ENCONTRO COM INÊS III

melgaçodomonteàribeira, 06.03.13

 

 

     Inês pouco falou. Um comentário ou outro. E eu preso pelo trinado da sua voz. Na minha estratégia, conversa e mais conversa era coisa que não faltava, mas o sim e o não, o por vezes e talvez que saíam da sua boca faziam-me pensar.

    Que tinha nascido em Melgaço foi coisa que nunca escondi, minhoto 100%, anti-mouro quanto baste e amigo do amigo, tal qual meu pai me ensinou.

    — Estou a gostar do passeio e da companhia, mais ainda de te ouvir.

    Cântico do Zeca, lua cheia por entre o casario fazendo esquecer o fumo dos escapes, um sorriso para todos os loucos pobres da cidade, uma promessa de amor sempre cumprida, era o que eu sentia.

    Junto ao rio perguntou:

    — És mesmo de Melgaço?

    — Sou. Nasci dentro daquelas muralhas que os homens, mais que o tempo, têm derrubado.

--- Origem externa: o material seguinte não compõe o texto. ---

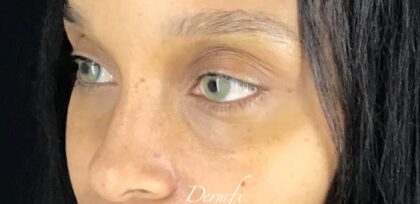 Under Eye Circles Before & After Patient #838
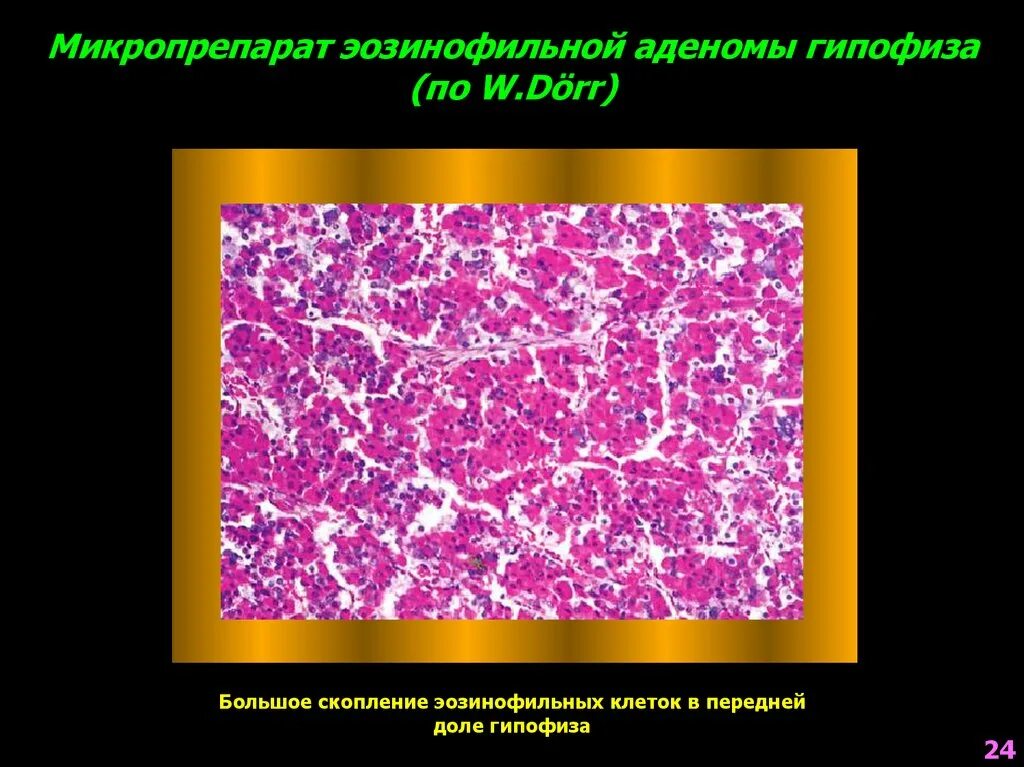 Эозинофильная аденома гипофиза. Базофильная аденома гипофиза гистология. Базофильная аденома. Базофильная аденома гипофиза микропрепарат. Хромофобные клетки гипофиза.
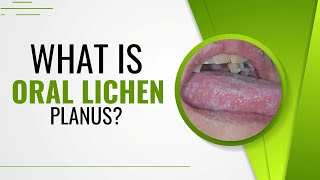 What is Oral Lichen Planus? | Top Possible Causes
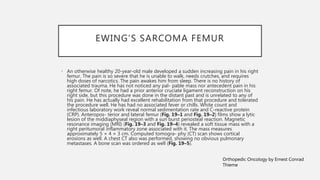 EWING’S SARCOMA FEMUR
• An otherwise healthy 20-year-old male developed a sudden increasing pain in his right
femur. The pain is so severe that he is unable to walk, needs crutches, and requires
high doses of narcotics. The pain awakes him from sleep. There is no history of
associated trauma. He has not noticed any pal- pable mass nor antecedent pain in his
right femur. Of note, he had a prior anterior cruciate ligament reconstruction on his
right side, but this procedure was done in the distant past and is unrelated to any of
his pain. He has actually had excellent rehabilitation from that procedure and tolerated
the procedure well. He has had no associated fever or chills. White count and
infectious laboratory work reveal normal sedimentation rate and C-reactive protein
(CRP). Anteropos- terior and lateral femur (Fig. 19–1 and Fig. 19–2) films show a lytic
lesion of the middiaphyseal region with a sun burst periosteal reaction. Magnetic
resonance imaging (MRI) (Fig. 19–3 and Fig. 19–4) revealed a soft tissue mass with a
right peritumoral inflammatory zone associated with it. The mass measures
approximately 5 × 4 × 3 cm. Computed tomogra- phy (CT) scan shows cortical
erosions as well. A chest CT also was performed, showing no obvious pulmonary
metastases. A bone scan was ordered as well (Fig. 19–5).
Orthopedic Oncology by Ernest Conrad
Thieme
 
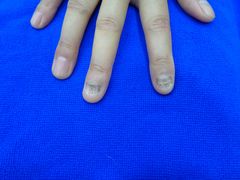 -世龙世家甲沟炎·灰指甲·嵌甲矫正·修脚(武侯区双楠店)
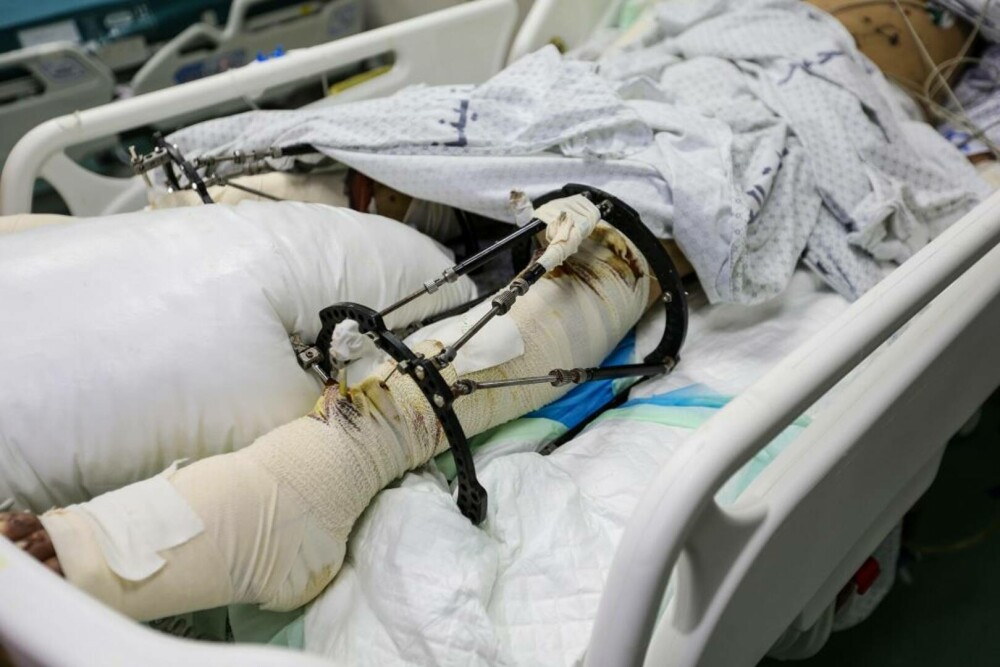 Oroare și durere: Imagini tragice din interiorul spitalelor din Gaza, unde pacienții sunt operați pe viu, fără anestezie FOTO - Imaginea 20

Com aquelas pedras foram construídas as casas de meus avós e tantas outras na nossa Vila. Porquê, Inês?

    Do rio já vinha uma aragem fresca e ela, levantando-se, espreguiçou-se com um sorriso.

    — Nada. Havemos de voltar aqui, mas por hoje chega que a noite está a arrefecer.

    Um beijo na minha face, um sorriso e Inês voltando as costas, desapareceu na noite com os cabelos dançando ao som de uma valsa que só ela ouvia.

    Quando nos voltámos a encontrar nem taft-taft, nem mosca existiam.

    O meu sorriso e o brilho nos olhos de Inês eram o mundo.

    Voltámos ao rio.

    — Não gosto deste rio. É grande como o mar … nunca gostei do mar.

    — Então porque vens aqui?

    — Nas águas do rio reflecte-se a minha alma, as montanhas com neve, o verde, verde da Primavera …

    Inês calou-se e eu sorri. Na verdade, sempre soube que a conhecia.

    — E, no Verão, o amarelo de …

    — Não digas mais. Vamos só olhar o rio.

    — Quem és tu?

    — Sou a Inês.

    Fiquei desarmado, mas a ansiedade no meu rosto fez com que o seu sorriso se alargasse cada vez mais e, beijando-me na face à laia de despedida, “disparou”:

    — Quem sabe, talvez um dia te conte a minha história.

    Os seus cabelos voltaram a dançar e ela desapareceu na noite.